### Exercise instructions:
Word for word, write out all of the data below.
******************************
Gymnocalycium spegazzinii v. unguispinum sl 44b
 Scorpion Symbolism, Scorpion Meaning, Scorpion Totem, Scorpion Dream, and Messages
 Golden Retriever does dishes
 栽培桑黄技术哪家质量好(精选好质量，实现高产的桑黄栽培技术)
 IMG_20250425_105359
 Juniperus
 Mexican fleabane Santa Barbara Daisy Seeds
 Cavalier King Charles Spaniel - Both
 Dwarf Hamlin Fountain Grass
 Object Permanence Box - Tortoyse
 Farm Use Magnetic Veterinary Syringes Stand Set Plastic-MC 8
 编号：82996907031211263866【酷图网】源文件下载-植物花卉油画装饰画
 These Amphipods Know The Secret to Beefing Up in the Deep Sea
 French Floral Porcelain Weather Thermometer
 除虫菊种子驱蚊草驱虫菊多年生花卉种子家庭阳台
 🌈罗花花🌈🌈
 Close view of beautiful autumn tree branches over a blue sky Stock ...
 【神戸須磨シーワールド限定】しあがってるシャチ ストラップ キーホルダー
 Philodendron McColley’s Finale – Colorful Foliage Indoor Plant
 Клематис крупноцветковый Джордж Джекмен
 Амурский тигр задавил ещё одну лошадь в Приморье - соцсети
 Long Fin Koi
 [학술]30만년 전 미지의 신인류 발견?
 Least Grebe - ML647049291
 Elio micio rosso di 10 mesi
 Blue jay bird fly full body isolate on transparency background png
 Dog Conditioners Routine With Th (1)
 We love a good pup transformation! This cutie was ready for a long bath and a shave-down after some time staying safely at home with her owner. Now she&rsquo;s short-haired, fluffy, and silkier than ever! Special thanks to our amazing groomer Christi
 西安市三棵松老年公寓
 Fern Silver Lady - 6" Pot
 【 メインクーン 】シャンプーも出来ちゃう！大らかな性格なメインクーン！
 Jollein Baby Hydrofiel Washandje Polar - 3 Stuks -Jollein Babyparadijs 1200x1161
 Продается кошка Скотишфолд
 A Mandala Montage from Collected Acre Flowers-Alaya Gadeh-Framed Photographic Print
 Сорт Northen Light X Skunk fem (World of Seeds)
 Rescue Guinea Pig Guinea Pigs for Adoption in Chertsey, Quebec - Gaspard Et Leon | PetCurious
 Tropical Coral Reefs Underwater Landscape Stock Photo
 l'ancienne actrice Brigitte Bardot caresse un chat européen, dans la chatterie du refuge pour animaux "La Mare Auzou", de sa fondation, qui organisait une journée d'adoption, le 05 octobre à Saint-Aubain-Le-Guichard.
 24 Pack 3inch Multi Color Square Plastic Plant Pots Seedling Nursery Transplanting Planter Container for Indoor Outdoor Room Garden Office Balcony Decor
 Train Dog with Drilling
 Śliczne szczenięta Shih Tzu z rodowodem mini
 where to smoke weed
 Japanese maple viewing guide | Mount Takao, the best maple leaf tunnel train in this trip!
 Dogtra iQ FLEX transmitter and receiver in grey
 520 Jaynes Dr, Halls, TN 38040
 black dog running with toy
******************************
### Result:
Gymnocalycium spegazzinii v. unguispinum sl 44b
 Scorpion Symbolism, Scorpion Meaning, Scorpion Totem, Scorpion Dream, and Messages
 Golden Retriever does dishes
 栽培桑黄技术哪家质量好(精选好质量，实现高产的桑黄栽培技术)
 IMG_20250425_105359
 Juniperus
 Mexican fleabane Santa Barbara Daisy Seeds
 Cavalier King Charles Spaniel - Both
 Dwarf Hamlin Fountain Grass
 Object Permanence Box - Tortoyse
 Farm Use Magnetic Veterinary Syringes Stand Set Plastic-MC 8
 编号：82996907031211263866【酷图网】源文件下载-植物花卉油画装饰画
 These Amphipods Know The Secret to Beefing Up in the Deep Sea
 French Floral Porcelain Weather Thermometer
 除虫菊种子驱蚊草驱虫菊多年生花卉种子家庭阳台
 🌈罗花花🌈🌈
 Close view of beautiful autumn tree branches over a blue sky Stock ...
 【神戸須磨シーワールド限定】しあがってるシャチ ストラップ キーホルダー
 Philodendron McColley’s Finale – Colorful Foliage Indoor Plant
 Клематис крупноцветковый Джордж Джекмен
 Амурский тигр задавил ещё одну лошадь в Приморье - соцсети
 Long Fin Koi
 [학술]30만년 전 미지의 신인류 발견?
 Least Grebe - ML647049291
 Elio micio rosso di 10 mesi
 Blue jay bird fly full body isolate on transparency background png
 Dog Conditioners Routine With Th (1)
 We love a good pup transformation! This cutie was ready for a long bath and a shave-down after some time staying safely at home with her owner. Now she&rsquo;s short-haired, fluffy, and silkier than ever! Special thanks to our amazing groomer Christi
 西安市三棵松老年公寓
 Fern Silver Lady - 6" Pot
 【 メインクーン 】シャンプーも出来ちゃう！大らかな性格なメインクーン！
 Jollein Baby Hydrofiel Washandje Polar - 3 Stuks -Jollein Babyparadijs 1200x1161
 Продается кошка Скотишфолд
 A Mandala Montage from Collected Acre Flowers-Alaya Gadeh-Framed Photographic Print
 Сорт Northen Light X Skunk fem (World of Seeds)
 Rescue Guinea Pig Guinea Pigs for Adoption in Chertsey, Quebec - Gaspard Et Leon | PetCurious
 Tropical Coral Reefs Underwater Landscape Stock Photo
 l'ancienne actrice Brigitte Bardot caresse un chat européen, dans la chatterie du refuge pour animaux "La Mare Auzou", de sa fondation, qui organisait une journée d'adoption, le 05 octobre à Saint-Aubain-Le-Guichard.
 24 Pack 3inch Multi Color Square Plastic Plant Pots Seedling Nursery Transplanting Planter Container for Indoor Outdoor Room Garden Office Balcony Decor
 Train Dog with Drilling
 Śliczne szczenięta Shih Tzu z rodowodem mini
 where to smoke weed
 Japanese maple viewing guide | Mount Takao, the best maple leaf tunnel train in this trip!
 Dogtra iQ FLEX transmitter and receiver in grey
 520 Jaynes Dr, Halls, TN 38040
 black dog running with toy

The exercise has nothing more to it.